Any know the date it will be closed to the public as a WMA?  What about the part in Pulaski Co with the public shooting range?


----------



## Danny Leigh (Apr 7, 2006)

I have not heard anything on Oaky Woods, but the shooting range is on Ocmulgee which seems to be somewhat safe for the near future. They do have OW listed for sale with the "Highest and best use of this tract will be for development".   

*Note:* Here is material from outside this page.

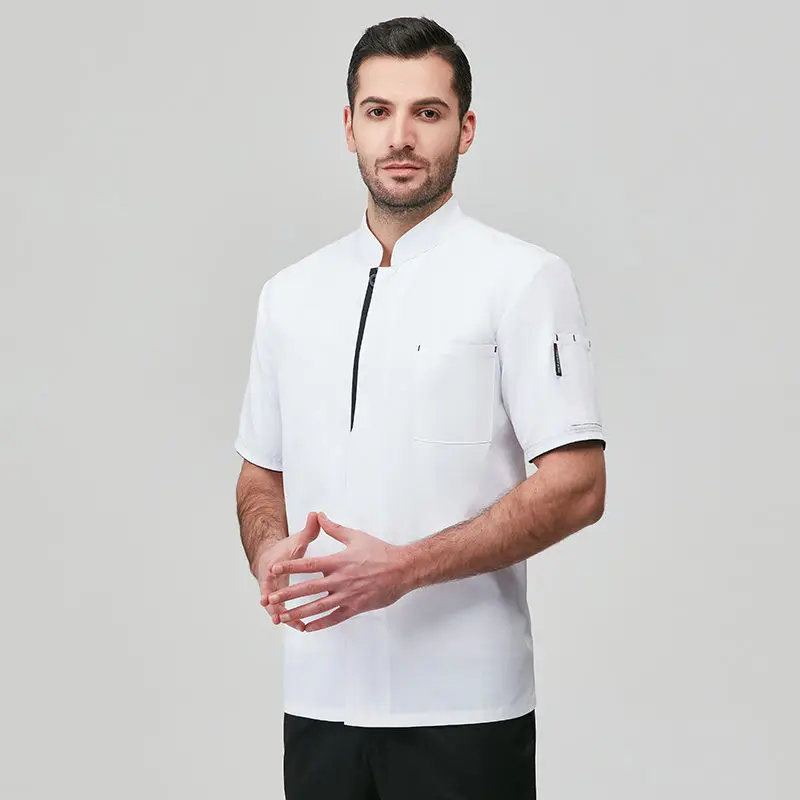 Veste Noire de Chef Cuisinier Pour Homme Et Femme, Vêtements de Cuisine Pour Restaurant, Hôtel, Boulangerie, Uniforme d'Été,Blouses Cuisine,Café Vêtements de Serveurse Vetement Cuisiniere Cantine Tenue de Cuisine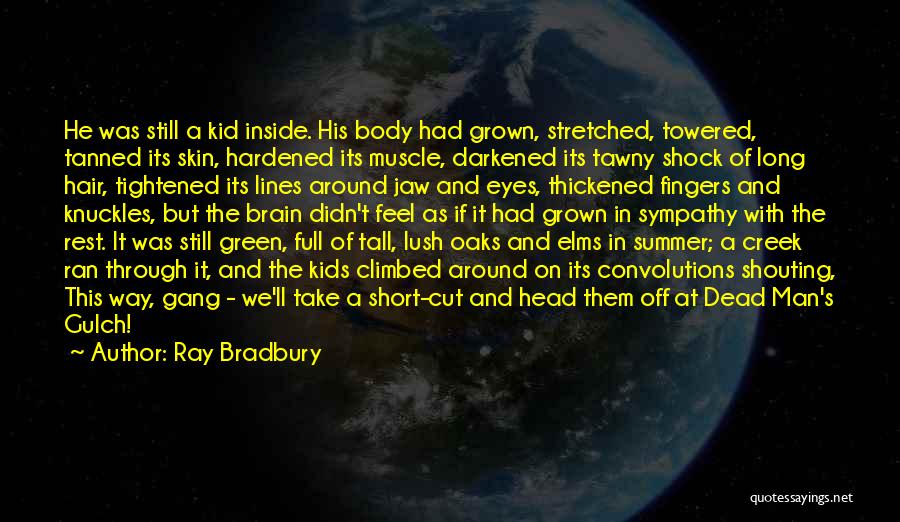 Ray Bradbury Quotes: He Was Still A Kid Inside. His Body Had Grown, Stretched, Towered, Tanned Its Skin, Hardened Its Muscle, Darkened Its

http://www.galandsales.com/index.php?action=listingview&listingID=5


----------



## Oldstick (Apr 7, 2006)

That does make steam come out of one's ears don't it?  I thought it had been sold already to one of the already richest developers in middle GA.  Don't know if it was owned by the state or a paper company.  If it was the state, I think we need taxpayer's revolt on the capitol.


----------



## marknga (Apr 8, 2006)

I'm pretty sure it was leased by the state BUT it does chap my backside...............I have alot of great memories of Oaky Woods and Ocumulgee WMA. Started hunting there as a small boy with my dad back in the 60's. Shame to see it turn into more overpriced houses.

Mark


----------



## BBond (Apr 10, 2006)

The property that was sold was never owned by the state.  It was leased by the state from Weyerhaeuser.  Then Weyerhaeuser sold it to the current owners who are currently still leasing it to the state.


----------



## jmiller (Jul 2, 2006)

anybody heard that our ole good gov. boy sunny perdue has interest in one of the wma's that him and his brother is looking to buy?


----------



## Buckerama (Jul 5, 2006)

marknga said:
			
		

> I'm pretty sure it was leased by the state BUT it does chap my backside...............I have alot of great memories of Oaky Woods and Ocumulgee WMA. Started hunting there as a small boy with my dad back in the 60's. Shame to see it turn into more overpriced houses.
> 
> Mark



Ocmulgee is still there the state bought back most of the land they lost but they did loose around id say 5-6 thousand acres


----------